A few days ago I was frozen by the information that the Rapid Support Forces, supported by Russia and the United Arab Emirates, have reached an agreement with General Haftar, who controls a large part of Libya. Together they want to reopen the transit route between Sudan and Libya, and we will probably see that from Sudan and through Sudan, even war-torn, more and more thousands of migrants will start to reach the Libyan coast.

If refugees from Sudan start to reach the Libyan coast, and they will, then Europe will have no choice but to grant them asylum, because these are people genuinely fleeing war.

In such a situation, I would like to express my opinion that it is much more effective and easier to help refugees closer to their country’s border.

In South Sudan, where PCPM works, we are able to provide shelter for refugees for around $1,000-1,500 per family. For this amount, we are able to build a small house where they can live safely.

The costs of providing medical or food assistance are much lower than the costs of maintaining various types of refugees in refugee camps in Europe. However, it should also be noted that not everyone wants to flee. Some people want to be closer to their country’s border, closer to home and family.

In a country like South Sudan, which is one of the poorest countries in the world, humanitarian aid from Poland is incredibly needed.
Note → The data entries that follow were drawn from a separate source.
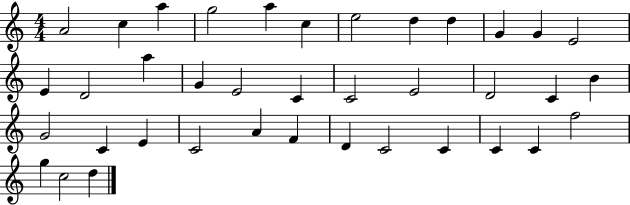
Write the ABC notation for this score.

X:1
T:Untitled
M:4/4
L:1/4
K:C
A2 c a g2 a c e2 d d G G E2 E D2 a G E2 C C2 E2 D2 C B G2 C E C2 A F D C2 C C C f2 g c2 d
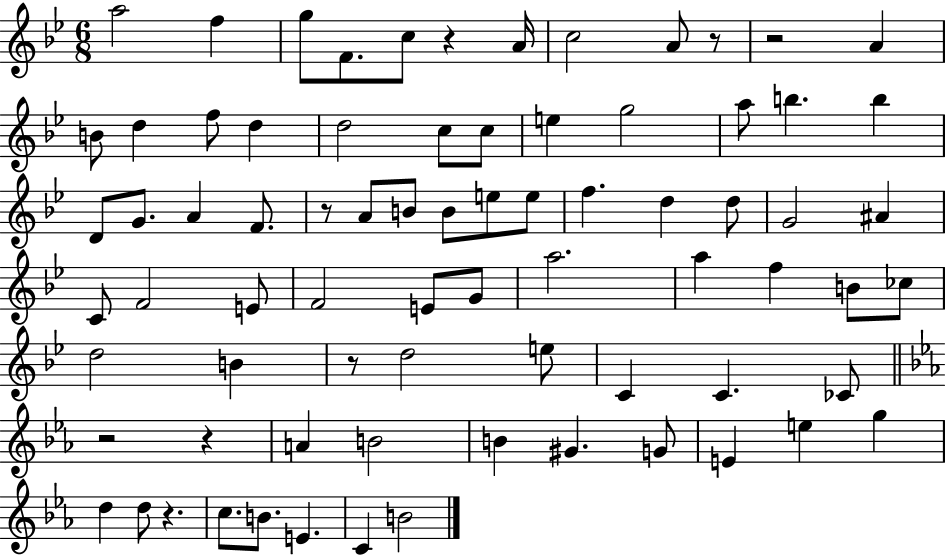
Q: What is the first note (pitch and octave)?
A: A5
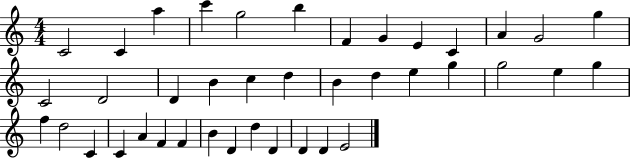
X:1
T:Untitled
M:4/4
L:1/4
K:C
C2 C a c' g2 b F G E C A G2 g C2 D2 D B c d B d e g g2 e g f d2 C C A F F B D d D D D E2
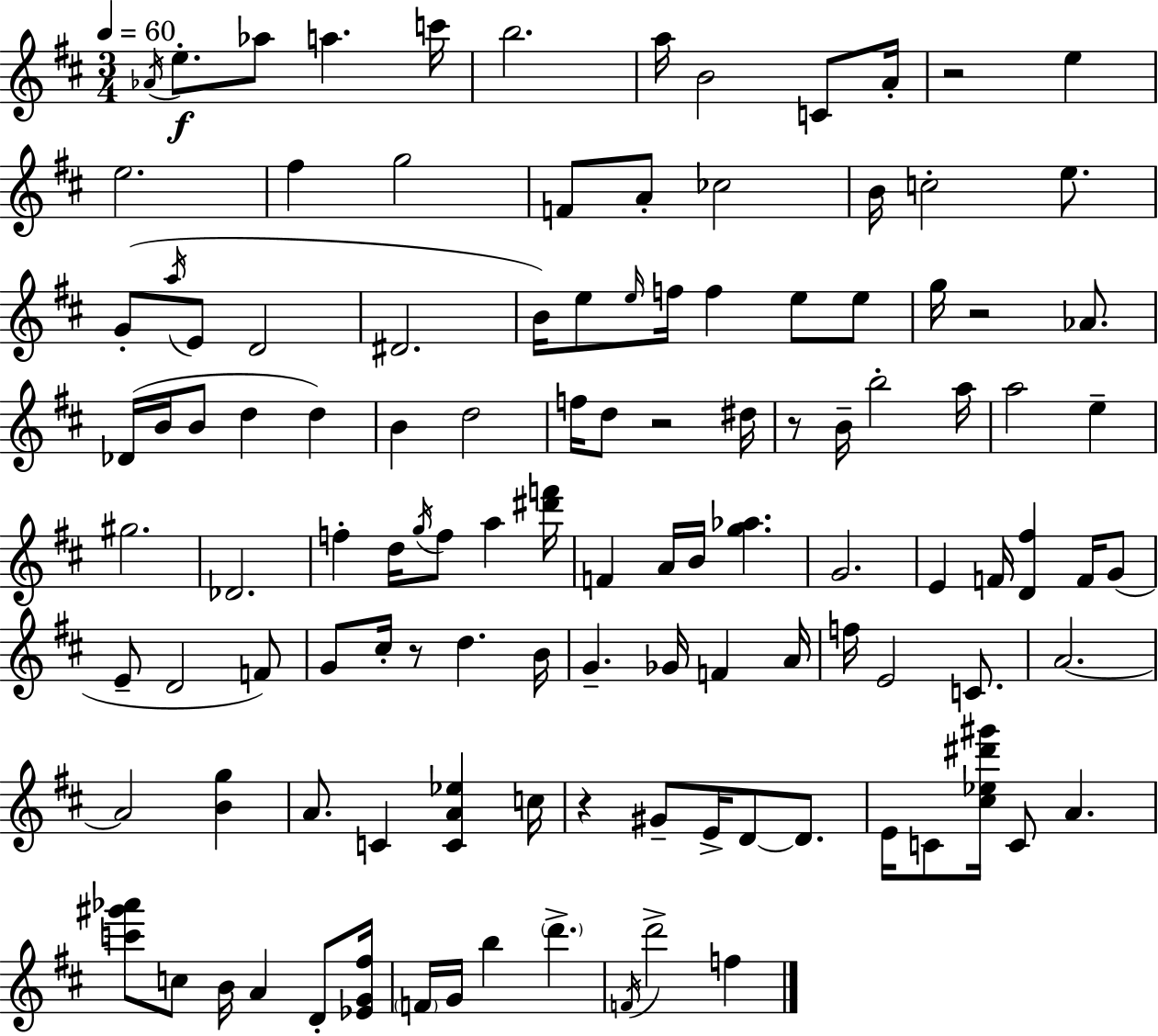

And I would add that support from Poland is very much appreciated.

I would like to encourage you to take a look at PCPM’s work and support our actions.

I encourage you to visit the website pcpm.org.pl/sudan as Sudan is currently a humanitarian catastrophe.

Why shouldn’t we forget about countries as far away as Sudan?

I know that everyone is focused on Ukraine, on the situation in Gaza, and rightly so, but the world has not seen such a huge number of people displaced from their homes and this type of crime for a long time.

And one example is that during the civil war in Sudan, around 300,000 civilians were killed, which is the same number as those killed in Gaza, so these are conflicts that are comparable in many ways.

We cannot ignore these types of conflicts like the one in Sudan, because Africa has already seen ignored civil wars that have led to absolutely catastrophic cases.

From 1978 to 2003, there was a civil war in what was then Zaire, now called the Democratic Republic of Congo. Many viewers in Europe have probably never even heard of this war.

However, the result of this five-year war was over 5 million civilian deaths. Of course, these were people who died mainly due to lack of access to healthcare or hunger. However, these types of consequences threaten to occur in the case of forgotten wars, and for now the conflict in Sudan is a forgotten war. Through our presence on the border with Sudan, we will also be able, I hope, to remind people of these challenges. Not only because they may one day pose a threat to Europe, but above all because the people there really need our help.